_Exercise description_
Would you retype, word for word, the line with "裂渡宣宣【半岛情书】微胖大码女秋西装领背心短款连衣裙 ZY507A33" and every line after it through the end of the records below?

*** Opening Given records ***

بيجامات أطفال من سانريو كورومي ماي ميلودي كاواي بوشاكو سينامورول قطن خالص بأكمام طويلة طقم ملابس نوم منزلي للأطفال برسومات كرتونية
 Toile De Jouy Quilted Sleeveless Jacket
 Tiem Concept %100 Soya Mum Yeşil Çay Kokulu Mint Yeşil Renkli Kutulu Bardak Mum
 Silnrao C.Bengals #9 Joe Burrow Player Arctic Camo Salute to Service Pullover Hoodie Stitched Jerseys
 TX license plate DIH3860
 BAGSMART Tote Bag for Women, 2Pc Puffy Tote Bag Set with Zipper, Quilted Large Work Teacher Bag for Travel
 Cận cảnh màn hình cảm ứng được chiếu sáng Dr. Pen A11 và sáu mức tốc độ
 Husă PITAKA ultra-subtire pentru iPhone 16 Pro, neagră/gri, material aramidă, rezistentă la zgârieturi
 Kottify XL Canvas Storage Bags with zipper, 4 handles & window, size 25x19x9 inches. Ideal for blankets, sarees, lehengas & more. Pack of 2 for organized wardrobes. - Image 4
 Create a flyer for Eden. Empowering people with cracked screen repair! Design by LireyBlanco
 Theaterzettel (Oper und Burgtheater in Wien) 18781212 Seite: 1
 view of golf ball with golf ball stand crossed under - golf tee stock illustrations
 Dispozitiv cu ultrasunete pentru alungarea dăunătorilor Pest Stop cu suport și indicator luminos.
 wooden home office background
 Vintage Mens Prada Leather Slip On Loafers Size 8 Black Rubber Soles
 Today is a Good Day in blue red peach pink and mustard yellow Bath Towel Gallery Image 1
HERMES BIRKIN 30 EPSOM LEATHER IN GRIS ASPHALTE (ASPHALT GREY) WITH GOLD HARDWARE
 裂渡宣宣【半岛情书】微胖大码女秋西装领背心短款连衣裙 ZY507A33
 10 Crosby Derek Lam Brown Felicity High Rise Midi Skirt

*** Closing Given records ***

_Answer to this problem_
 裂渡宣宣【半岛情书】微胖大码女秋西装领背心短款连衣裙 ZY507A33
 10 Crosby Derek Lam Brown Felicity High Rise Midi Skirt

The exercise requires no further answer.